Published on March 29th, 2018

First of Two Articles: Can keep my house if I have to file Bankruptcy?

This is the first of two articles on protecting your property if you are advised to file for Bankruptcy. I have decided to begin with the exemptions protecting real estate. I have been doing Bankruptcy cases since 1990. I have seen several significant changes. When I started there was no means test. I was living and working in Peoria, IL then and the local office of the United States’ Trustee ( Sort of a Bankruptcy Prosecutor) did motions to dismiss Bankruptcies where they felt a debtor (person petitioning for Bankruptcy) could afford to pay at least 10% over a three (3) year period under a Chapter13 reorganization plan Bankruptcy. That eventually became our current means test.

The Trustee; separate from the US Trustee’s office, is usually a local private attorney who contracts with the U.S. Government to review each case and liquidate (sell) non-exempt assets of a debtor to share among the creditors. When I started the percentage kept by the Trustees was less than Fieve percent (5%) of the value of an asset so not a lot of seizures happened due to the low level of profit available to the Trustee for the effort involved. That all changed in 1995; the Trustees were then and now able to retain Twenty Five percent (25%) of the first Five Thousand dollars ($ 5,000.00) from a seized asset and then Ten percent (10%) on any assets above Five Thousand dollars ($ 5,000.00) up to Fifty Thousand dollars ($ 50,000.00). This turned your friendly neighborhood Trustees into wolves attacking all assets of the debtors.

I practice in Illinois and Illinois has its own exemption statutes. Some states use a set of exemption which are part of the United States Code (Federal Statutes) but as each state was allowed to choose to use the exemptions from the United States Code or their own statutes, Illinois chose to use its own.

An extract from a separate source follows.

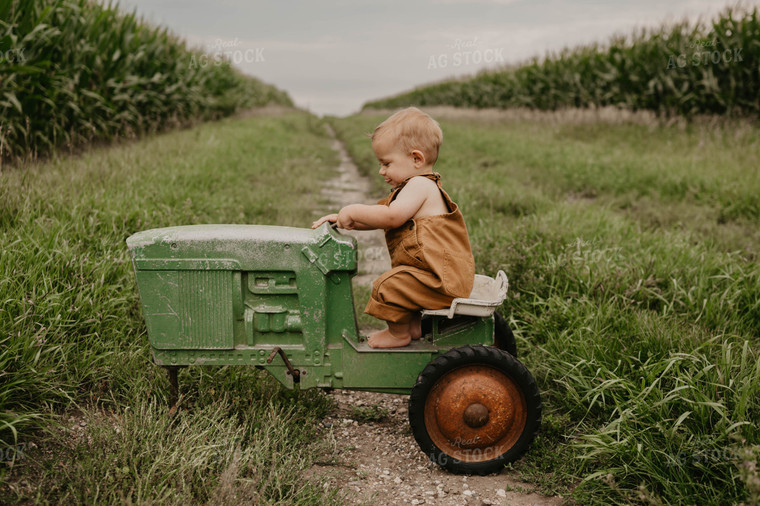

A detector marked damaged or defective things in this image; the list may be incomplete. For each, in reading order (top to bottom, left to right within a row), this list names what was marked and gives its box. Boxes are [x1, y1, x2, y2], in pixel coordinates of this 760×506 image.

rusty rear wheel [410, 344, 540, 474]
rust spot on wheel [422, 364, 528, 462]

The statute in Illinois providing for exemption (protection) of a debtor’s equity (value) in a residence is found in the Illinois Compiled Statutes at Chapter 735 Section 5/12-901 (735 ILCS 5/12-901).

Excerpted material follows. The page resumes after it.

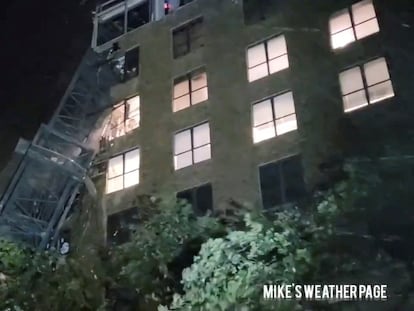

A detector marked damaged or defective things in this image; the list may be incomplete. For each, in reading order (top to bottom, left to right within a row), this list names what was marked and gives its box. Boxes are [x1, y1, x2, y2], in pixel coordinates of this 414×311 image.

bent metal structure [0, 0, 169, 250]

When I started it was Seven Thousand Five Hundred dollars ($ 7,500.00) for a single debtor and Fifteen Thousand dollars ($ 15, 000.00) for two spouses filing a joint petition. Now it is Fifteen Thousand dollars ($ 15, 000.00) for a single debtor and Thirty Thousand dollars ($ 30,000.00) for two spouses filing a joint petition.

This sounds simple on its face but there are a lot of pitfalls that lie for the unwary. If you have more than the exempt amount in equity in your home it is ripe for liquidation by the trustee and you get a check for the exempt amount. It also only applies to the property you use as a residence. In the late 1990’s I had a client whose mother had thought she had prepared a deed on her home to avoid probate by deeding the house to my client and his siblings. That deed was supposed to have retained the right for the mother to live in the house for the rest of her life and then it became her children’s. However the deed was not correctly drafted and the land was the actual property of my client and his siblings. We had to arrange to buy back my client’s share of his mother’s home to keep it from being sold.

If you hope to get Bankruptcy Relief and keep your home, carefully checking values and making sure only your residence is at issue is as thorny issue. Consulting an attorney on any matter where the Courts or the Government is involved is your best move.